Tuesday, June 28, 2011
Clustering and pitch/fx
Jimmy:
Let’s say you want to identify clusters in two-dimensional data. You an do this using a clustering algorithm such as k-means or soft k-means. In a nutshell, what this does is take an initial set of means (chosen however), evaluate the distance of each data point to one of the means using some distance metric and then assigns a mean to each data point (i.e. the closest mean). Then it re-evaluates the means given the current assignment and steps through the process again, unless it converges and you have the data grouped into “k” clusters.
So this helps with grouping the data points, but let’s say you wanted to go a little bit further. What you can do is run the initial algorithm to find the means and cluster assignments, and then impose the assumption that each cluster is distributed around its mean (which you just found) according to a bivariate normal distribution. Then you use maximum likelihood (ML) to find the variance parameters of the bivariate normal for each cluster, which may vary for each cluster. You can assume different variance in each direction to account for clusters that aren’t spherical. Then once you have those parameters, you have the variance of each cluster.

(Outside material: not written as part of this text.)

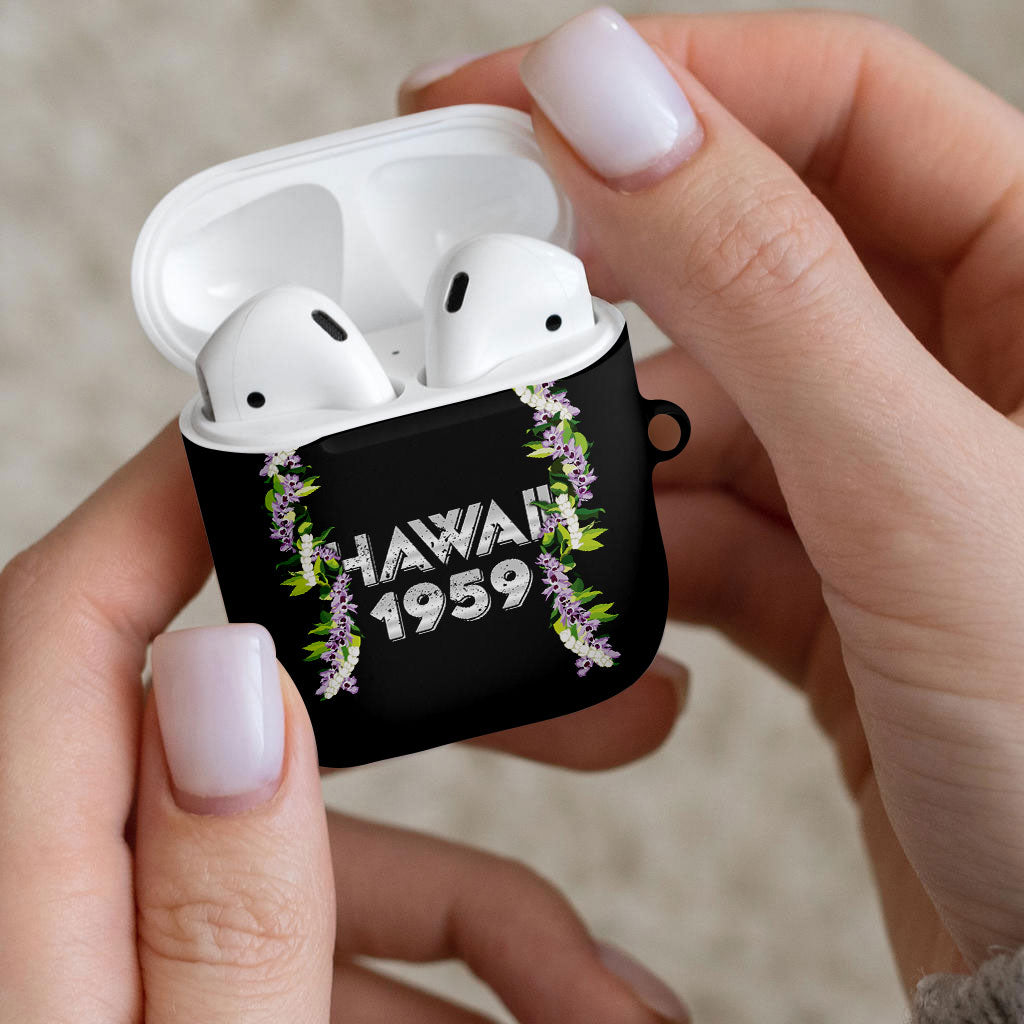 Hawaii Statehood Day AirPods Case Kakau Pattern With Maile Pikake Honohono Lei LT05 - Polynesian Pride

To relate this to baseball, assume the two-dimensional data we have is horizontal and vertical pitch movement, and assume that the pitcher in question has three pitches: 4-seam FB, slider, and a curve. Presumably these three pitches will form three distinct clusters when graphed. We run the k-means algorithm to identify which pitch is which (i.e. assign clusters), and then we fit each cluster to a bivariate normal distribution by ML. Then we have the variance of each cluster. Then we can compare the variance (i.e. the consistency) of each pitch’s movement relative to the other pitches, or compare it amongst pitchers with the same type of pitch. And we can track it from game to game, season to season, etcetera, so that we can say that “oh, Erik Bedard’s control of his CB has really improved this season relative to last” with some quantitative oomph rather than with simple visual evidence.
And there are a lot of other advantages to this too besides just getting the point estimate of the variance. We can also get the variance of the point estimate itself to quantify how accurate we think our estimate of that variance is. We can use the bivariate fit in real time, with Bayesian updating to improve the accuracy of the pitch/fx system itself (in identifying pitch type). There are a lot of places to go from here.
I also hear you on the problem with noisy data. That is a universal issue, but there exist a lot of ways to deal with it. I’ve heard of people transforming the data with principal components analysis first (which is a sort of clustering algorithm in itself… kinda) and then running the k-means on the transformed data to get better clustering fits. And lots of other improvements upon the plain vanilla k-means algorithm to deal with tough data. I’m sure there is literature on this stuff somewhere… but I should really shut up because I don’t understand the pitch/fx system too well.
If you’re feeling adventurous, I recommend chapters 20 and 22 of this book as an intro to the stuff I’m talking about: http://www.inference.phy.cam.ac.uk/mackay/itprnn/ps/


I was doing some research on clustering last week in search of a Master’s thesis topic and thought something like http://www4.ncsu.edu/~cdwessel/NSMC%20Talk.pdf
might be interesting to use on pitch f/x data.